Take for instance this Waldteufel potpourri on a Wurlitzer 105:
http://www.youtube.com/watch?v=vqhFH21Tu90It is registers that make an organ sound twice the size, not the number of keys
Yes and no. A Wurlitzer 165 is 70 keys and only 52 notes, but it sounds much bigger because it relies heavily on its register box.
On the other hand, a 100-key Wurlitzer 'Monster' doesn't need automatic registers because it can switch the melody around to its various divisions. (Clarinet, piccolo, trumpet)
any organs above 89 keys are pointless, any bigger than that and you won't notice
Sometimes those extra bass notes do come in handy...
(This coming from someone who does most of his arranging with 3 bass notes...)
Justin Senneff- 08-25-2008
Quote: "An organ below 36-key is a joke and cannot play any tune to full ability".
Well not so true.
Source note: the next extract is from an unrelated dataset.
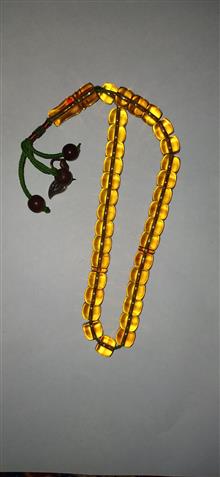 تسبیح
One time at a band organ rally I operated a 22-key Perlee Dutch Street Organ. when I cranked out the "My Fair Lady" boook the crowd loved it. One lady even cranked the organ her self.
Quote: "It is registers that make the organ sound twice the size" .
As a church organist I can relate. Some organs with the 22-key scale have passed as a larger organ with more and larger pipes.
Tim Trager- 08-26-2008
Musical Ranges Check out the following chart:
http://www.dolmetsch.com/musrange.gif
See how the various instruments fall on the range of a piano keyboard. It is interesting! Remember that the composer of a march or overture knew the range of the various instruments and wrote his march, waltz, etc. accordingly.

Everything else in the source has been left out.